Apa yang anda ketahui tentang karakter bahasa jurnalistik

Apa yang anda ketahui tentang karakter bahasa jurnalistik

Katalisnet.com — Berita atau tulisan wartawan di media massa enak dibaca dan mudah dimengerti. Hal itu karena wartawan menggunakan bahasa jurnalistik. Berikut ini pengertian bahasa jurnalistik, contoh, dan karakteristiknya.

Bahasa jurnalistik harus dipahami para wartawan agar tulisan mereka ringkas, lugas, dan mudah dipahami pembaca. Penggunaan bahasa jurnalistik bertujuan agar komunikasi media berlangsung efektif dan efisien.

Pengertian Bahasa Jurnalistik

Bahasa jurnalistik adalah salah satu ragam dalam bahasa Indonesia. Bahasa jurnalistik merupakan bahasa komunikasi massa.
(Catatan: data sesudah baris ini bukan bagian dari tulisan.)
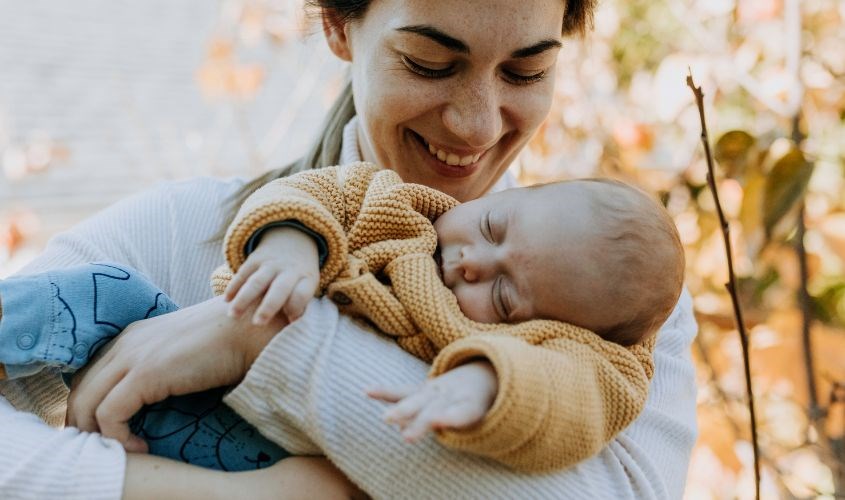 Cho bé ra ngoài chơi giúp trẻ phát triển giác quan toàn diện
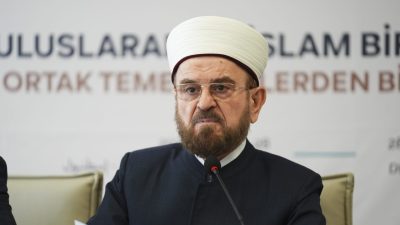 - İslam Alimleri Vakfı Başkan Vekili Abdülvahap Ekinci:
- "Amacımız geliştirilebilir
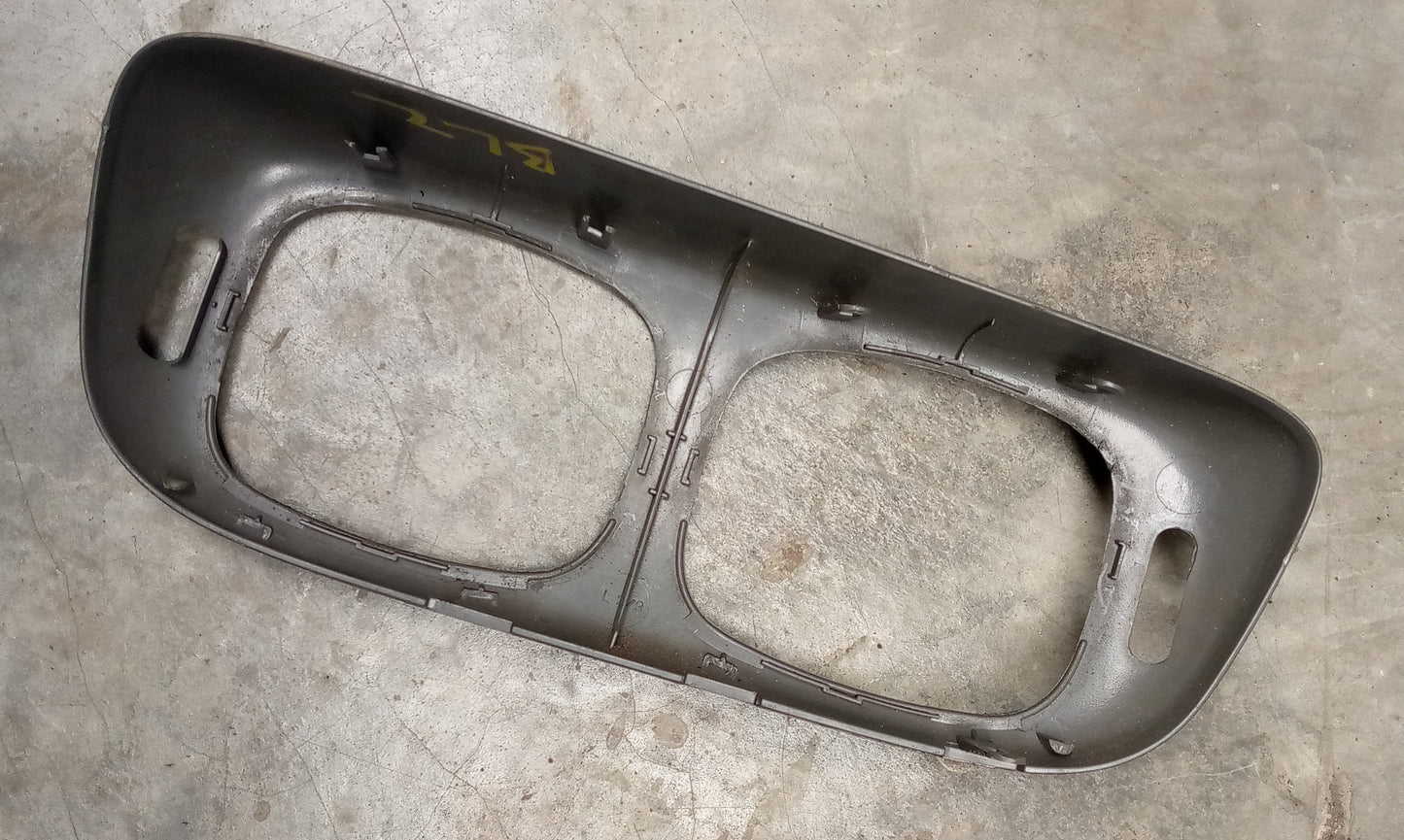 Embellecedor Rejilla Aire Frontal Chevrolet Trailblazer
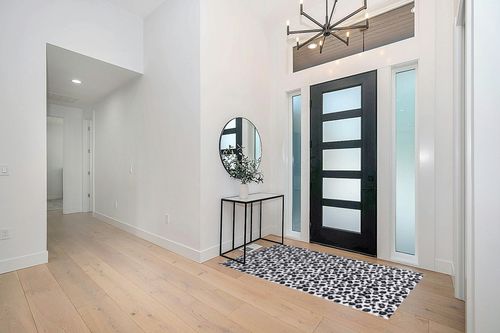 Fluffy Leopard Print Rug 4x6 Feet in Modern White Entryway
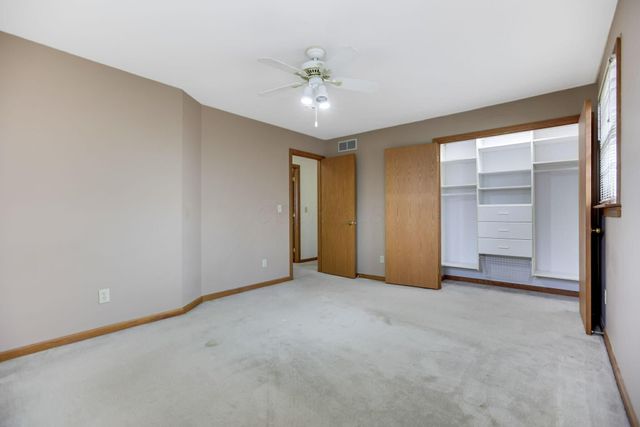 1760 Innisbrook Lane, Zanesville, OH 43701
Karenanya, dalam bahasa Inggris, bahasa jurnalistik disebut juga language of mass communication (bahasa komunikasi massa), selain newspaper language (bahasa surat kabar) dan bahasa media (media languange). Kajiannya disebut media lingustik.
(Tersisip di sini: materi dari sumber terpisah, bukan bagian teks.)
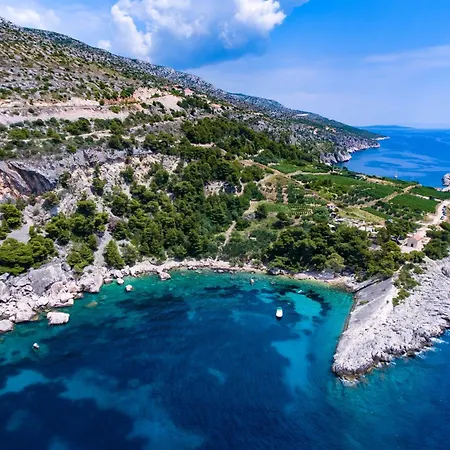 Ferienhaus House With A Parking Space Cove - Dubovica, Hvar - 21454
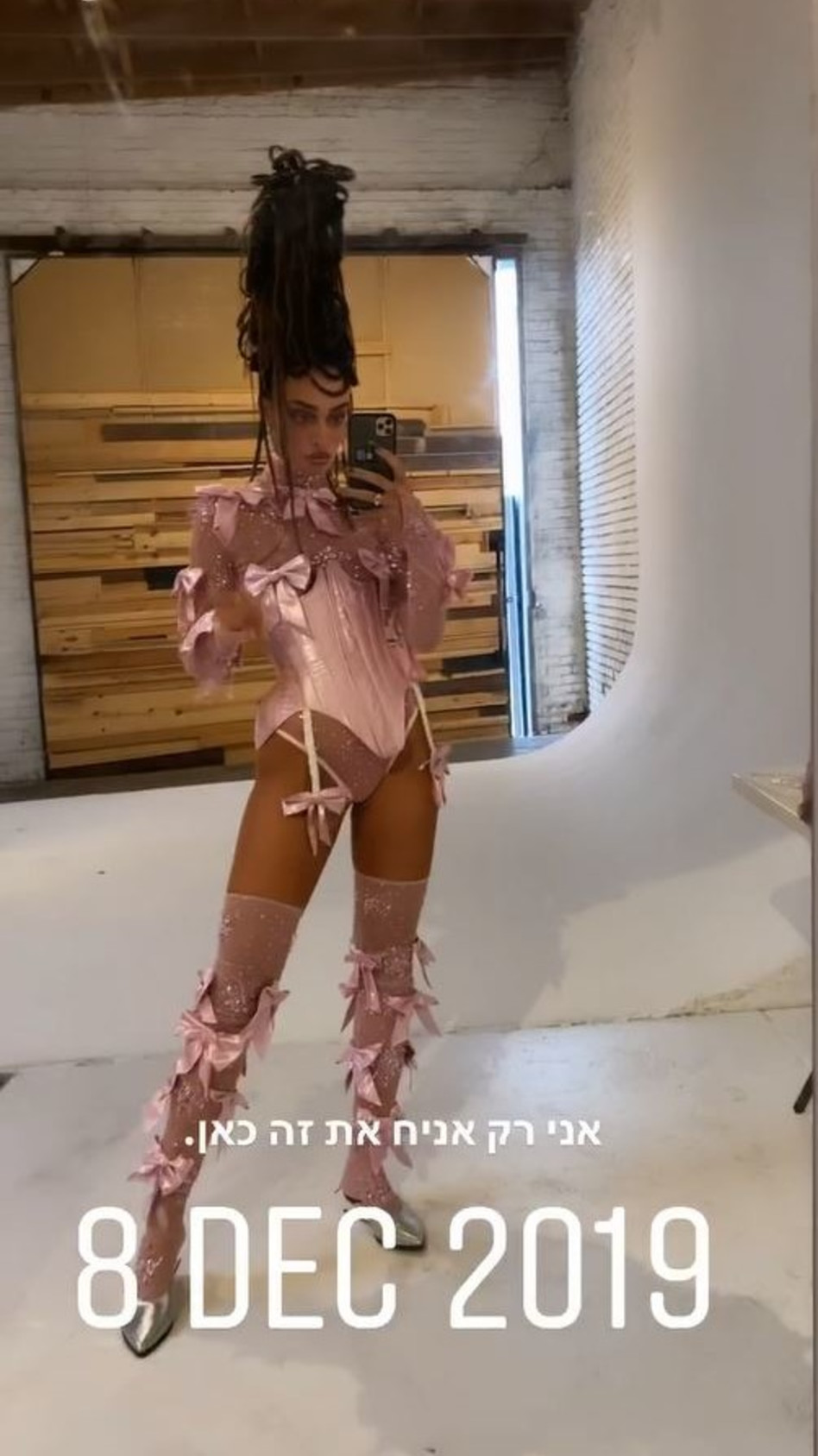 עדן פינס בהפקת האופנה (צילום: צילום מסך אינסטגרם)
Wartawan dituntut menggunakan ragam khusus bahasa karena pertimbangan ruang dan waktu. Keterbatasan ruang (di media cetak) dan waktu atau durasi (di media penyiaran) memunculkan ragam bahasa jurnalistik.

Bahasa jurnalistik juga digunakan karena berita atau informasi yang disajikan di media harus jelas, lugas, dan mudah dipahami semua kalangan.

Per definisi, bahasa jurnalistik adalah gaya bahasa yang digunakan wartawan dalam menulis berita di media massa. Selain ringkas dan lugas, wartawan juga harus memilih kata, frasa, atau kalimat yang atraktif (menarik) agar pembaca tertarik membaca berita yang ditulisnya.

Berikut ini pengertian bahasa jurnalistik menurut beberapa pakar.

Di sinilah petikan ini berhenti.